The Tooele Transcript Bulletin has published Tooele County news since 1894. Here is a flashback of local front-page news from 25, 50, 75 and 100 years ago that occurred during the first week of October.
Oct. 6-8, 1992
A blocked furnace duct at a Tooele apartment nearly caused four deaths on a Monday.
Fire and ambulance crews were summoned to the Shady View Apartments for what was originally reported as a gas leak.
Four occupants were unconscious from carbon monoxide poisoning, according to a relative who arrived to check on family members who had previously complained of headaches and nausea.
Investigators were trying to determine if a return air duct, blocked by a dresser, caused the furnace to pull air from an exhaust chimney into the small apartment.
Later in the week, the front page featured a story on the purchase of land for a new elementary school in Tooele.
School officials had secured a land purchase agreement to build a new Central Elementary near the Northlake subdivision in Tooele.
If built, access to the school would be from Coleman and Tahoe streets just north of 100 North.
The agreement was to buy 11.18 acres at $10,000 per acre.
Oct. 6-9, 1967
The front page featured a story on improvements to a shooting range in Tooele.
The Tooele Gun Club was scheduled to shoot on Sunday at its new facilities located near the Elton Tunnel, announced Jack Davis, club president.
New additions included a clubhouse and two more traps.
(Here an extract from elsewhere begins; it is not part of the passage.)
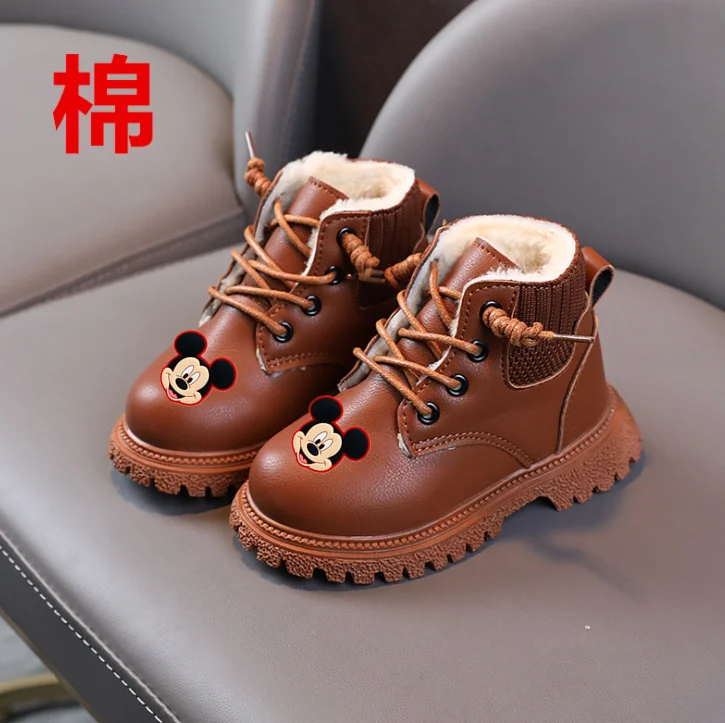 Autumn Winter Mickey Mouse Boots For Girls Boys Warm Snow Boots New Comfy Kids Winter Fashion Casual Plush Child Baby Toddler Sh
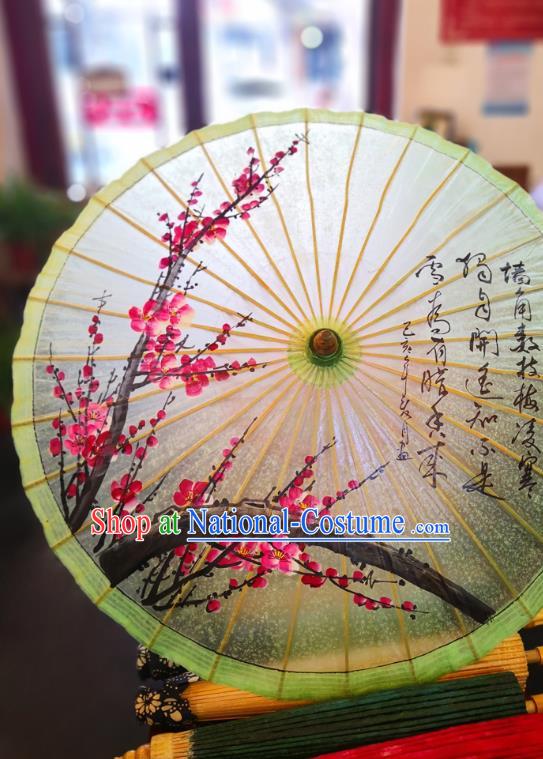 China Classical Oil Paper Umbrella Traditional Stage Performance Oilpaper Umbrella Hand Ink Painting Plum Umbrellas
Davis said future plans included installing two more traps before winter set in, and a skeet range by next spring.
The clubhouse included restrooms, snack bar, picture window to look out at shooters and a large fireplace for winter months.
Later in the week, the front page featured a story on the transfer of fish from shallow water at Settlement Canyon Reservoir to deeper water in the reservoir.
Conservation officer Roy Garrard and three of his fellow workers caught 125 trout in a one-hour period with nets.
Water was drawn down on a portion of the reservoir so the bottom could be covered with a layer of clay. The layer of clay was supposed to stop water from leaking through the banks of the dam.
Oct. 6-8, 1942
Purchase of water for Tooele City culinary use occupied a major part of the discussion at a city council meeting on a Monday.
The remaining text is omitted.